PROBLEM STATEMENT:
In the listing that follows, the range to quote begins at the line that has "Wilkinson Sword Wavy Blade Hedge Shear Wilkinson" and ends after the line that has "The-Wilderness_Title-Slide.jpg"; quote it verbatim and add nothing.

· · · ·

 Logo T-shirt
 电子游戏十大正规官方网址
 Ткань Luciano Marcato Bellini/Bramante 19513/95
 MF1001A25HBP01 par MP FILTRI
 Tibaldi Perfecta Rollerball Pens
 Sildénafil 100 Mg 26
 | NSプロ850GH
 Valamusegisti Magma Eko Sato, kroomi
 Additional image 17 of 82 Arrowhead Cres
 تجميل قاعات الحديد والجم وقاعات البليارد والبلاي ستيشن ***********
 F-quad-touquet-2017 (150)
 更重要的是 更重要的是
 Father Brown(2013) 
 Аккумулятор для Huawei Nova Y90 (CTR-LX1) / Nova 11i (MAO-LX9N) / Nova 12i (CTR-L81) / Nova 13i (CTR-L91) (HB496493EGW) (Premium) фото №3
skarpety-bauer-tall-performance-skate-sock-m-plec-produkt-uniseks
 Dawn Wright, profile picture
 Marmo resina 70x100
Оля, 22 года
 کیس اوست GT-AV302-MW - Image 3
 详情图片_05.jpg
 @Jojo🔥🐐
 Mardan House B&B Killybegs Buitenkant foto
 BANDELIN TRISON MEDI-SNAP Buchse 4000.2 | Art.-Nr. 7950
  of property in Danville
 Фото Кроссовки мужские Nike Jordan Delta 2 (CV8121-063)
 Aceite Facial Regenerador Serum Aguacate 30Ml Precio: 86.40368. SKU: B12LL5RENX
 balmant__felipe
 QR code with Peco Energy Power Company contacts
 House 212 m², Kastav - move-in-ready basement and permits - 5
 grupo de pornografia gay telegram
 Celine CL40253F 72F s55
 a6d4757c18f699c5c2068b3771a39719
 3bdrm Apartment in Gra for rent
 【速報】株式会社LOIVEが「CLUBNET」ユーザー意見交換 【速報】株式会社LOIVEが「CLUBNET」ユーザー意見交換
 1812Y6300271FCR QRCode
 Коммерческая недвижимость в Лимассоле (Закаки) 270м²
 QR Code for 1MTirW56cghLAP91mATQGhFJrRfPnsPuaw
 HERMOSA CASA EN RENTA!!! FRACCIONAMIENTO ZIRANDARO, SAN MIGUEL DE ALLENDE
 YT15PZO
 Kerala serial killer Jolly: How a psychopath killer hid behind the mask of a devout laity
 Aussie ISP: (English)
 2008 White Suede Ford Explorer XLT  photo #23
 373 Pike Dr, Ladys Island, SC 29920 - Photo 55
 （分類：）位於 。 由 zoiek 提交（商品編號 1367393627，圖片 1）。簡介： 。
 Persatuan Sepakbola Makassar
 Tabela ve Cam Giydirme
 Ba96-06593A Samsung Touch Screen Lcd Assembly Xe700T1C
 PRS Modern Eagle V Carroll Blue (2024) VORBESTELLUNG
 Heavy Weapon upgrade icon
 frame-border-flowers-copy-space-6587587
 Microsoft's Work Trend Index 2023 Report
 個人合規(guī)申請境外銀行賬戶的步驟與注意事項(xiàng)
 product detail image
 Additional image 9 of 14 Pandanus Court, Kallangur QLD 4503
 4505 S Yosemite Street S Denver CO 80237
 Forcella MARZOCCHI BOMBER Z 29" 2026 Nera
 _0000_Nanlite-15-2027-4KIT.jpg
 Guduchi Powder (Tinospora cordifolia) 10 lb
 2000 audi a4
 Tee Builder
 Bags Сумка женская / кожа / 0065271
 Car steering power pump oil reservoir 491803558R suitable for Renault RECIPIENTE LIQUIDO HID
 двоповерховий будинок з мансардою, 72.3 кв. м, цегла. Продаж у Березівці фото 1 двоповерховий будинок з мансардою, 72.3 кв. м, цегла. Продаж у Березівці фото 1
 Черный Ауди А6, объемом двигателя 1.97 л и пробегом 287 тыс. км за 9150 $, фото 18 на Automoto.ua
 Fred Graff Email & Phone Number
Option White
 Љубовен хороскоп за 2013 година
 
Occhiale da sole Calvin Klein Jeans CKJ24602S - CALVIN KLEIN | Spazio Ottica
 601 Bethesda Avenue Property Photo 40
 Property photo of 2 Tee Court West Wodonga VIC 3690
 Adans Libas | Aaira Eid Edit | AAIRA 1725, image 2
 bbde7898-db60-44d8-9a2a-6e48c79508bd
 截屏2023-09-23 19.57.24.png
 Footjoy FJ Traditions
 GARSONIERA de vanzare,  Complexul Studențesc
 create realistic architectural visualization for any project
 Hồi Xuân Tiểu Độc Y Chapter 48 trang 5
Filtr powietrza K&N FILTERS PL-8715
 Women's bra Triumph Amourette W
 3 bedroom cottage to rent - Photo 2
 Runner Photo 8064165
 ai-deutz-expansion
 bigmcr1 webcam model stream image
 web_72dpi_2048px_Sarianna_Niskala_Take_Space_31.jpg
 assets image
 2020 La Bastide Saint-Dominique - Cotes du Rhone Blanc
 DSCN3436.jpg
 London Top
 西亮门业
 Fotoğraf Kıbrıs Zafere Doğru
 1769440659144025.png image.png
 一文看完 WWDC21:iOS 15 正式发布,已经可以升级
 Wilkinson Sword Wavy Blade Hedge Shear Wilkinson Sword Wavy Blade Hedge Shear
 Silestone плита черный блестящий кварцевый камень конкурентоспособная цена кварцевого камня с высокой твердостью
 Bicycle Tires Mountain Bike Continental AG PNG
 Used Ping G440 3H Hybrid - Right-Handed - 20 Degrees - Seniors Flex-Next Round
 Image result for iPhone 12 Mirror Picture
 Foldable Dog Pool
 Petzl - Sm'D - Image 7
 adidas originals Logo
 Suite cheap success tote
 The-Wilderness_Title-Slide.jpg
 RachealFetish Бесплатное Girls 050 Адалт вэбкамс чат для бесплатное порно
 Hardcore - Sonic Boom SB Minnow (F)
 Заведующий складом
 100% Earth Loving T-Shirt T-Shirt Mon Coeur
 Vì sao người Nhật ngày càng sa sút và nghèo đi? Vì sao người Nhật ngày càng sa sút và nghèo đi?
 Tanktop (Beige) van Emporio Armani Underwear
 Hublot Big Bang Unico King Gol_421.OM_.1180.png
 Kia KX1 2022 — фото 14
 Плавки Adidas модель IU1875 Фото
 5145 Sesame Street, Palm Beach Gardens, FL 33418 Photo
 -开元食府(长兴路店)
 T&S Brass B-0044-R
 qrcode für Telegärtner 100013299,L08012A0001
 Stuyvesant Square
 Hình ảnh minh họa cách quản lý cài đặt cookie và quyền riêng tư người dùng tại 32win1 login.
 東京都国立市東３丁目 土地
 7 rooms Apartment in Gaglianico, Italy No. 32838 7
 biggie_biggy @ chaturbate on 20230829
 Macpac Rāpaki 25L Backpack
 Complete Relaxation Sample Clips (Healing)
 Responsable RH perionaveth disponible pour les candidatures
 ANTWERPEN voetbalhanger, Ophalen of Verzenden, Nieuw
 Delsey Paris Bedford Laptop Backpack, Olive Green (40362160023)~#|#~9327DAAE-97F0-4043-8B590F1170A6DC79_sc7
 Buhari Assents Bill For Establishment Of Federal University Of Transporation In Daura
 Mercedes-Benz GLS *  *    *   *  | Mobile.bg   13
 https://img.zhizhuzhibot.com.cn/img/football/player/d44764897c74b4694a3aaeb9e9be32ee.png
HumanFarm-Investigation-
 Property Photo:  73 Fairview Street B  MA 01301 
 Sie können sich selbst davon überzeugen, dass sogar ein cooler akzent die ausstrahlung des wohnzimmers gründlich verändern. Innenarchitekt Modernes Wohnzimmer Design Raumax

· · · ·

RESPONSE TO THE TASK:
 Wilkinson Sword Wavy Blade Hedge Shear Wilkinson Sword Wavy Blade Hedge Shear
 Silestone плита черный блестящий кварцевый камень конкурентоспособная цена кварцевого камня с высокой твердостью
 Bicycle Tires Mountain Bike Continental AG PNG
 Used Ping G440 3H Hybrid - Right-Handed - 20 Degrees - Seniors Flex-Next Round
 Image result for iPhone 12 Mirror Picture
 Foldable Dog Pool
 Petzl - Sm'D - Image 7
 adidas originals Logo
 Suite cheap success tote
 The-Wilderness_Title-Slide.jpg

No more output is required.